1          In this Act:

"enclosed land" includes land that is

(a)        surrounded by a lawful fence defined by or under this Act,

(b)        surrounded by a lawful fence and a natural boundary or by a natural boundary alone, or

(c)        posted with signs prohibiting trespass in accordance with section 5;

...

4          (1)        A person found inside enclosed land without the consent of its owner, lessee or occupier is deemed to be a trespasser.

[65]            Mr. Justice Leask at para. 31 of his analysis stated:

            A key distinction between trespass at common law and trespass under the Trespass Act is the knowledge of the trespasser.  At common law, people were trespassers if they were present on the premises of another without permission, even if they were completely unaware of the fact.  Indeed, even an honest belief that one was not trespassing was irrelevant.  Under the Trespass Act, people are not trespassers unless the premises are enclosed or notices are posted.  On the facts of this case, Mr. Skopnik would be a trespasser at common law, but not under the Trespass Act.  …

[66]            The learned judge then noted that:

…  The issue that counsel have debated in this case is:  do the 1998 amendments to the Act change BC Rail’s duty to Mr. Skopnik?

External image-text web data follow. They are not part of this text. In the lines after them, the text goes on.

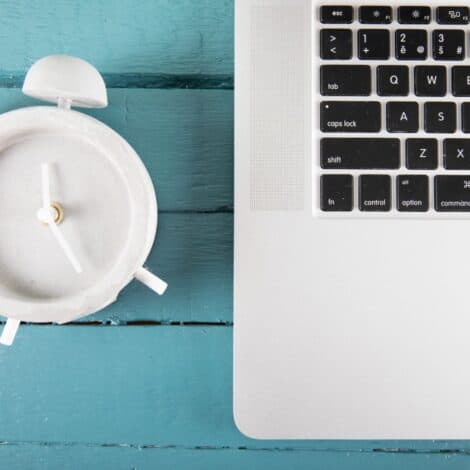 Laptop beside a clock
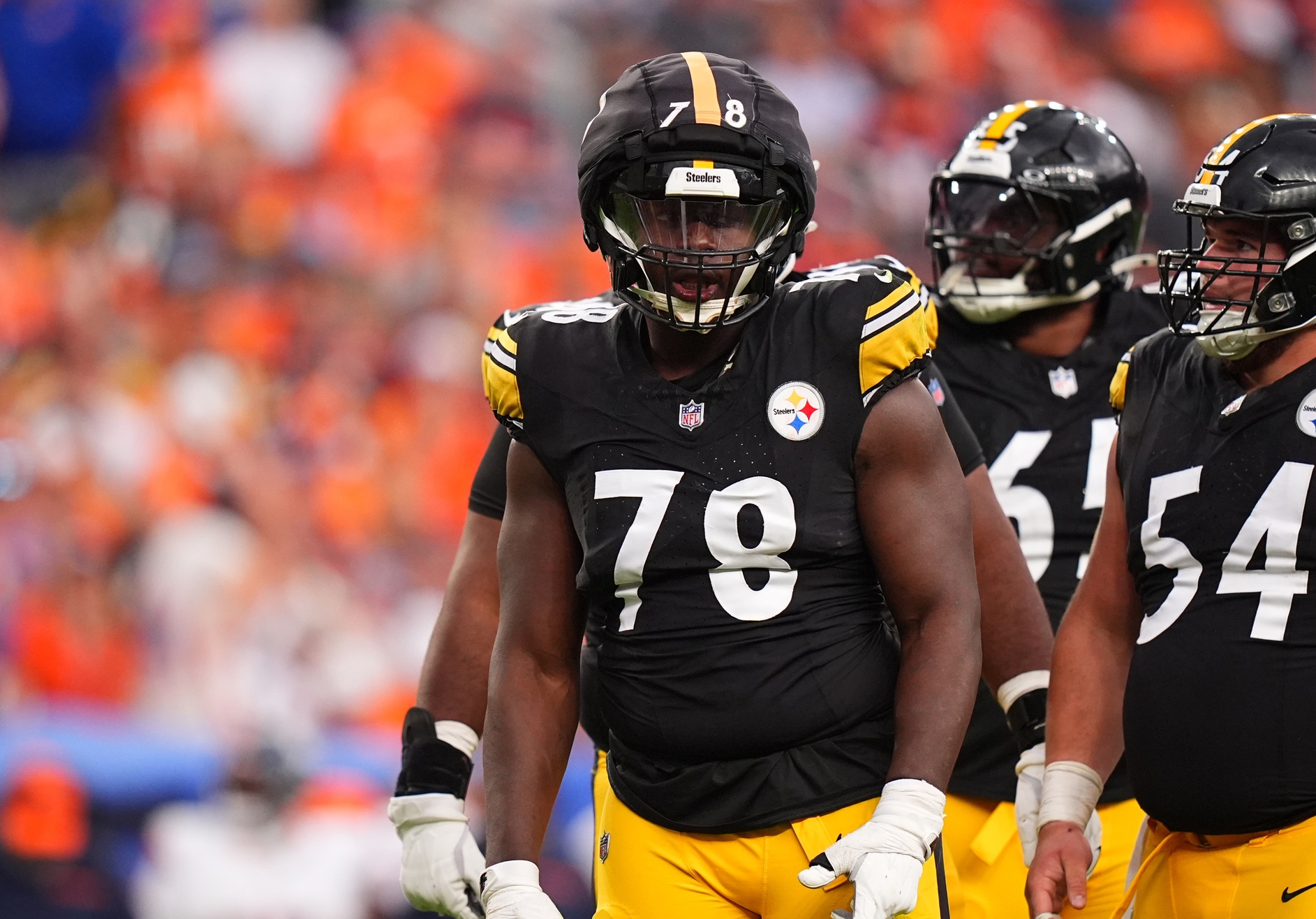 Sep 15, 2024; Denver, Colorado, USA; Pittsburgh Steelers guard James Daniels (78) wears a guardian cap in the second half against the Denver Broncos at Empower Field at Mile High. Mandatory Credit: Ron Chenoy-Imagn Images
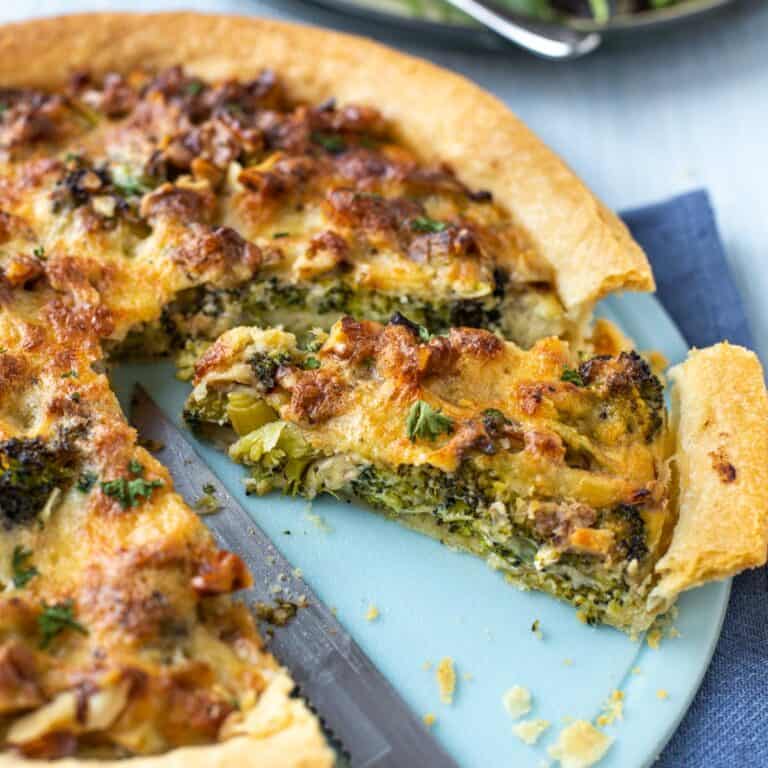 A slice of smoked cheese and broccoli tart being cut on a board.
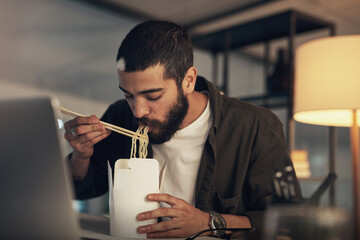 Fototapete - Business gets better with every bite. Shot of a young businessman having takeout and using a laptop during a late night at work.
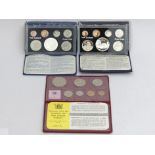 Two New Zealand proof coins issues with silver one dollar coins and a 1975 souvenir coin set. UK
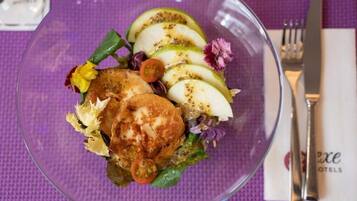A clear glass bowl containing a salad with sliced apples, lettuce, and a piece of bread, placed on a purple tablecloth.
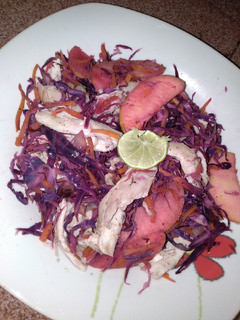 A picture of Red cabbage apple chicken salad.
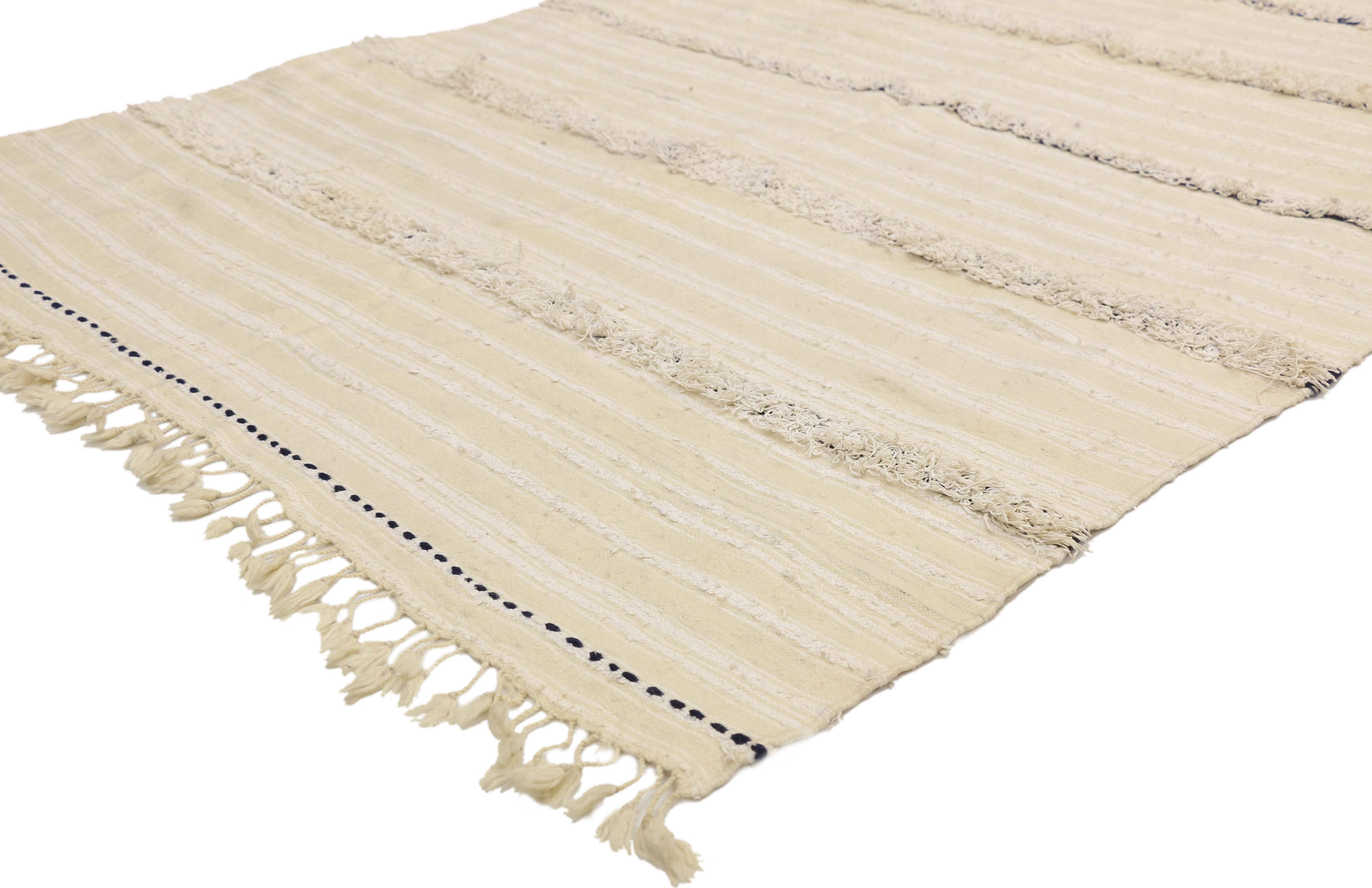 20826 Vintage Moroccan wedding blanket, Berber Handira Tamizart 04'00 x 06'10. This handwoven wool vintage Moroccan wedding blanket also known as a Berber Handira features rows of fluffy fringe embellished with accent colors. The underside of this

[67]            At paras. 32 and 33, the judge discussed BC Rail's submission and that of Mr. Skopnik and stated his conclusion:

            BC Rail’s argument is straightforward.  After 1989, the statute spoke of “trespassers under the Trespass Act”.  The 1998 amendments eliminated the reference to the Trespass Act and simply referred to trespassers.  When interpreting legislative intent, it is normally appropriate to give effect to every word included or excluded in a statute or statutory amendment.  Applying this approach, the absence of the previous reference to the Trespass Act would mean that the legislature intended to revert to the common law meaning of trespass. 

            Mr. Skopnik’s argument involves careful scrutiny of the actual legislative history of the 1998 amendments.  First, there is the language used in the 1994 Report of the Law Reform Commission.  Then there is the language used by the Minister of Environment, Lands and Parks in the debate on the second reading of the proposed amendments.  Although the subsequent discussion in the legislature displayed some confusion among the MLAs as to the effect of the proposed amendments, it is very difficult to find an intention to return to a common law definition of trespass.  In my view, both the Law Reform Commission and the Legislative Assembly intended to apply the then existing standard for trespass to agricultural lands to the expanded categories of premises being covered by the 1998 amendments.  In other words, they intended to define trespasser as it is defined in the Trespass Act rather than giving the word its common law meaning. 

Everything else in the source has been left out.